Speaking of connections, here’s an interesting story from Louie CK.
“But, it is what it is, I suppose; it makes me cherish our little family and the connections I do make, IRL or online.”
Word. In last 6 years I have made perhaps no more than 2 connections with other faculty and 2 connections with non-faculty. This is really sad. Why is this so effin difficult?
I’ve made some friends with faculty at my campus, but they are in different departments. We all went through new faculty orientation together, and we have been hanging out ever since. We go out for dinner weekly, so we make sure to keep in touch even if we don’t talk much throughout the week. I actually have found it easier to make friends here than at my previous college (large state research university). I suspect that’s because things were so fractured by department there, and it’s best not to get too friendly with immediate colleagues. Meeting people outside the department can be tough, and they often have family obligations (the latter makes it tough to make friends in general – I’ve wondered if it gets easier as kids move out and people get to have lives again). This is one thing that I wasn’t going to compromise on, personally. I feel being close to family is important for my personal mental health but also everyone else’s (kids, grandparents, siblings, etc) and have felt the propensity for academia to destabilize people’s lives by making them move all over does more harm than good. We lose a lot of good people that way.

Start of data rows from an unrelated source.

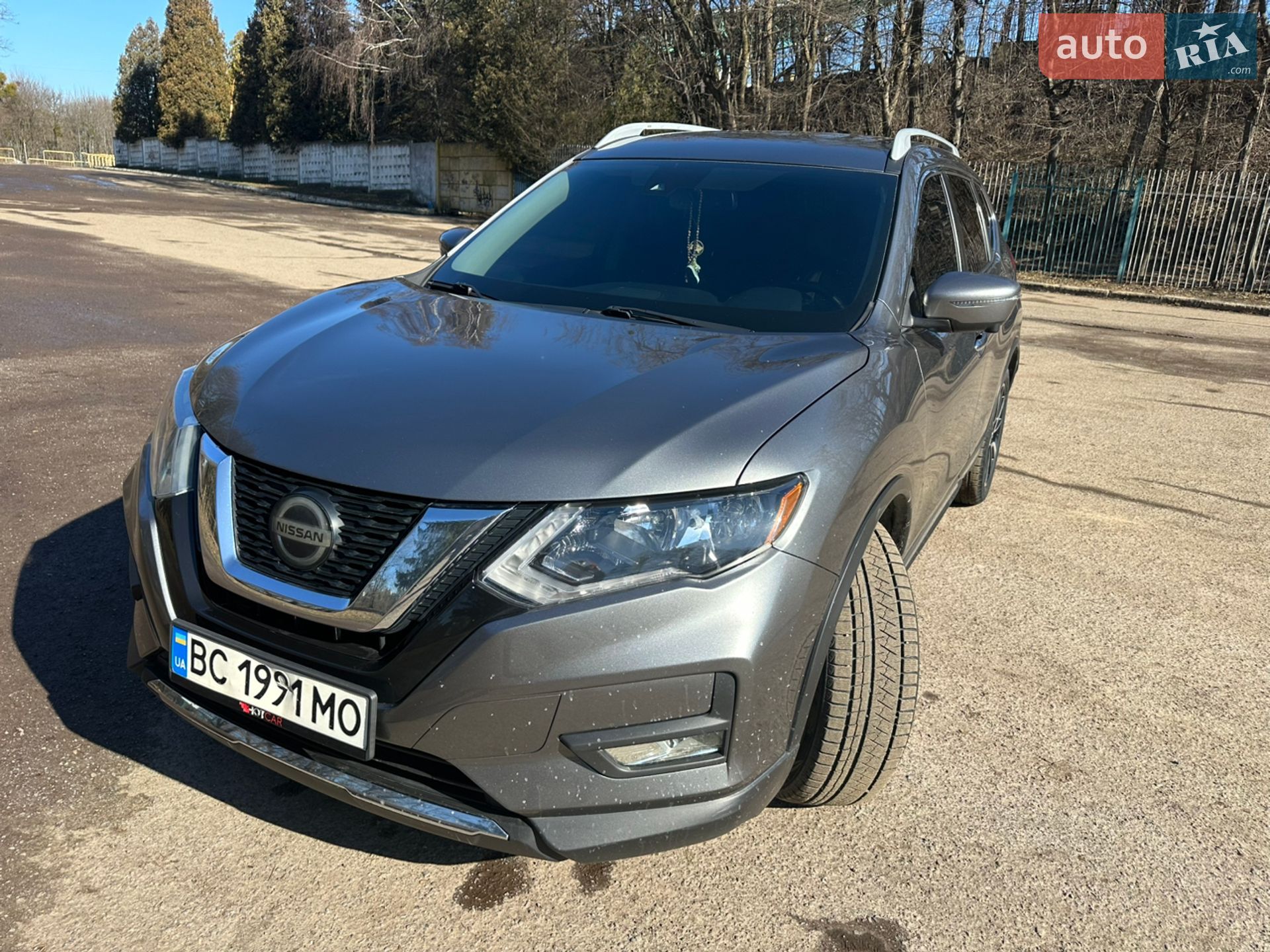 NISSAN ROGUE 2019 VIN 5N1AT2MT0KC762057 фото оголошення 11 з 27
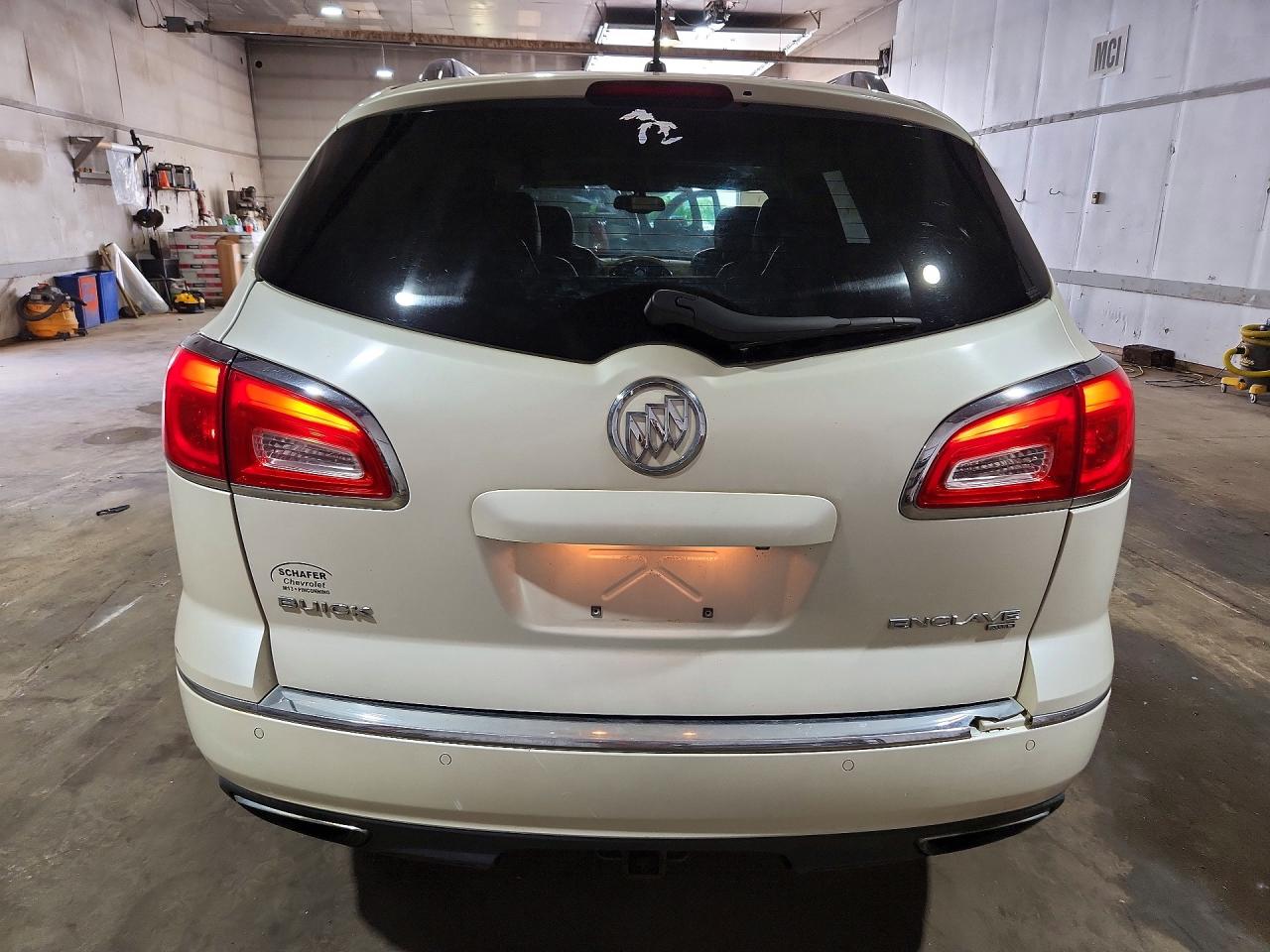 2015 Buick Enclave White vin: 5GAKVBKD4FJ156830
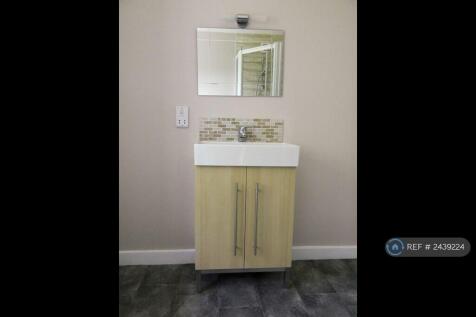 Sink With Mirror And Light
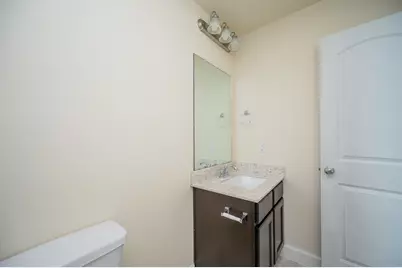 10716 Addicks Oaks Place, Houston, TX 77043 - Photo 31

I’ve been making a conscious effort in the last few years to improve my friendships, and … really no success to report. Everyone at the university is busy with work, kids, aging parents etc and I don’t really fit in with the local culture. I feel like a freak when I talk to people off campus. So now I have a much bigger pool of casual acquaintances, which is good, but not enough. No one will miss me much when I finally lose it and quit.
Reading Kelsky’s post and your comments makes me sad for you guys. I’ve struggled to make really good local friends since having kids (and I’m in San Diego, which has lots of scientists!) but I have a few. Making friends as an adult is hard, and I can only imagine how much harder it is in your situation. Hooray for online friends!
Wow, this resonates. It is very true that one of the most depressing and unexpected things about my career has turned out to be the social isolation. After 27 years working at my semi rural midwestern R1 as a woman faculty, when my kids graduate from high school I will have zero ties to the area. I made a few friends when I first moved here as a postdoc, but they were also postdocs, they were from somewhere else originally, and they all subsequently left the area while I stayed on as faculty. I have not had any success making more new friends here after I became a faculty member despite enjoying a large number of excellent professional friendships/collaborations, and despite a lot of trying. Almost all of my colleagues/fellow faculty are men so maybe that’s the problem. The male faculty here do golf or fish or go out drinking together, but never with female faculty since this would lead to brutal gossip–women my age simply do not do hang out with men they aren’t related or married to. The very few other female faculty here are adamantly not available for socializing–either young with overwhelming family/health/professional challenges taking up all their time, or else old and often gay/closeted with a firmly separated social network. Amusingly, my closest friends here are a couple men who I used to date and who I meet with once a year or so for coffee! It’s bizarre- at this point I’ve given up on making any real friends here and I am looking forward to moving away when I retire in a few years.